Please copy all of the data that follows exactly, leaving any pictures out.

** GIVEN DATA follows **

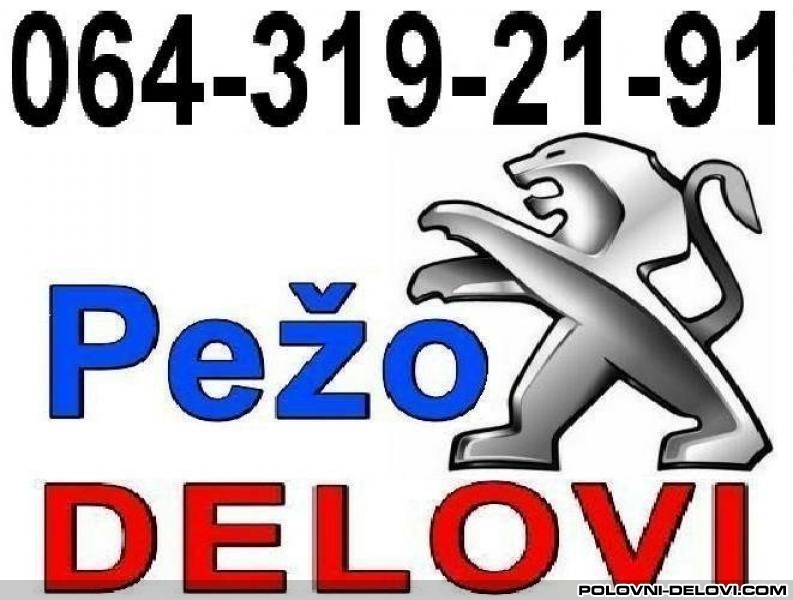 Peugeot  206  Elektrika I Paljenje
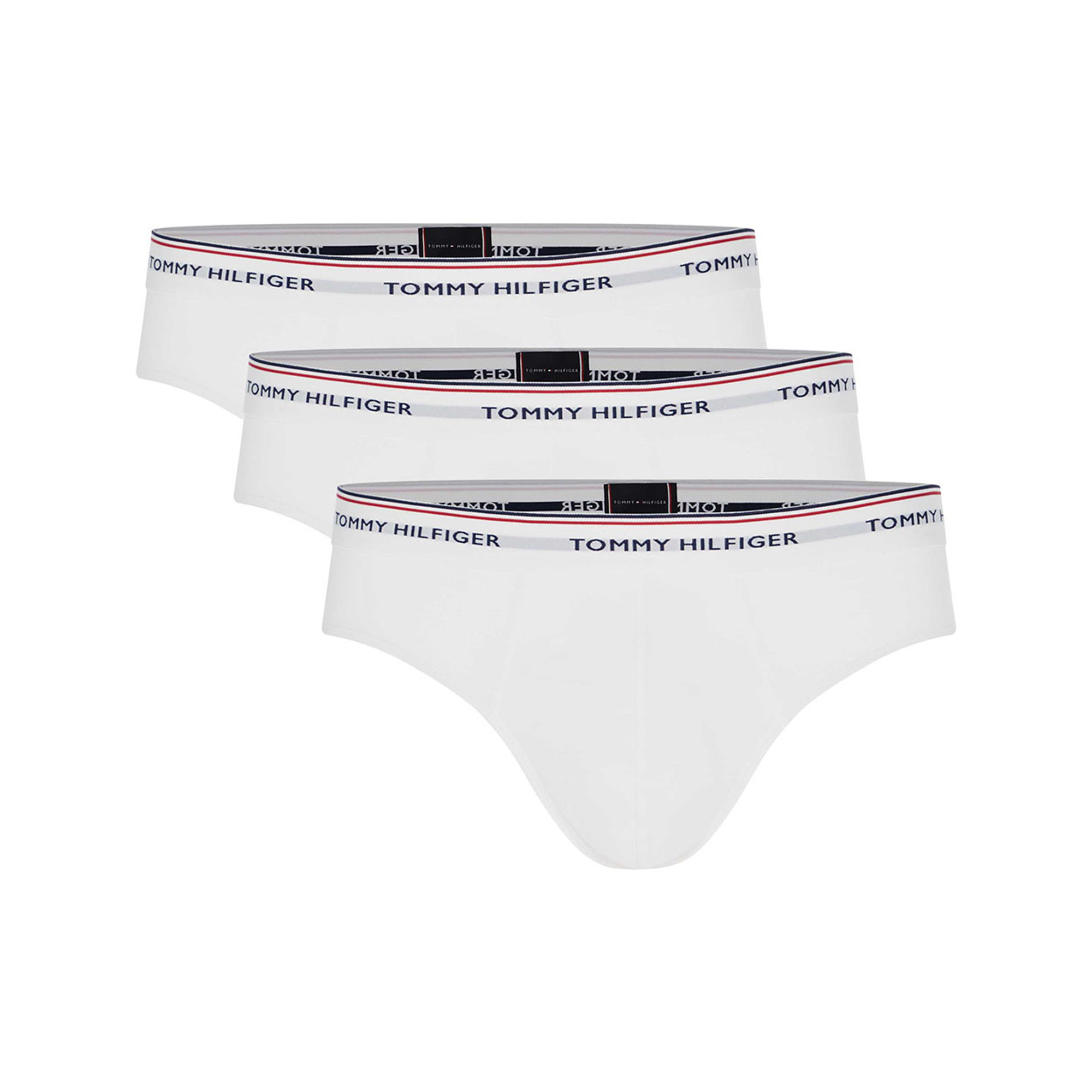 Tommy Hilfiger Set 3 pezzi Slip bianco Tommy Hilfiger  vista0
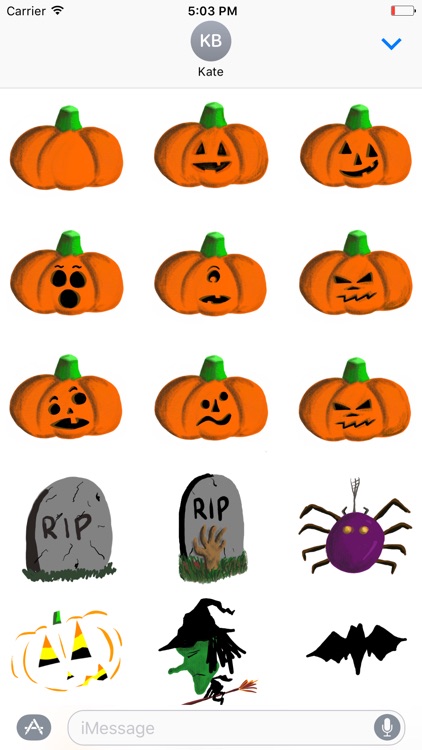 Hallowsticks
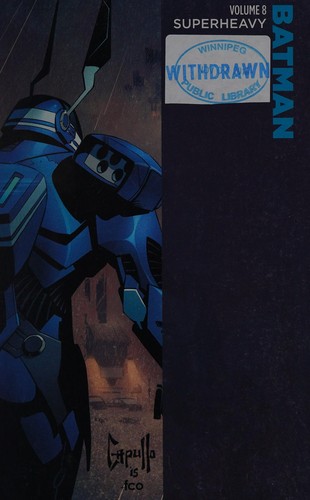 Batman, Vol. 8
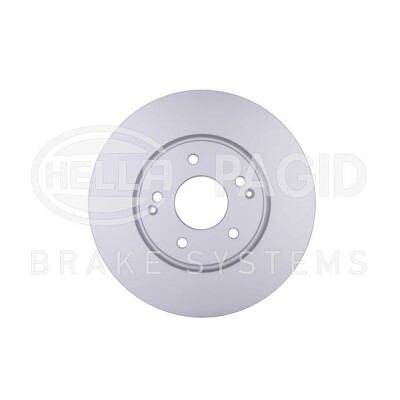 Disco de freio HELLA 8DD 355 133-331
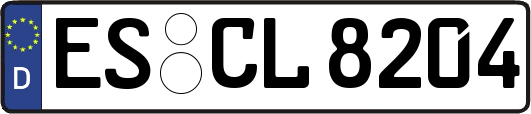ES-CL8204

** End of GIVEN DATA **

> **TASK ANSWER**:
 Peugeot  206  Elektrika I Paljenje
 Tommy Hilfiger Set 3 pezzi Slip bianco Tommy Hilfiger  vista0
 Hallowsticks
 Batman, Vol. 8
 Disco de freio HELLA 8DD 355 133-331
ES-CL8204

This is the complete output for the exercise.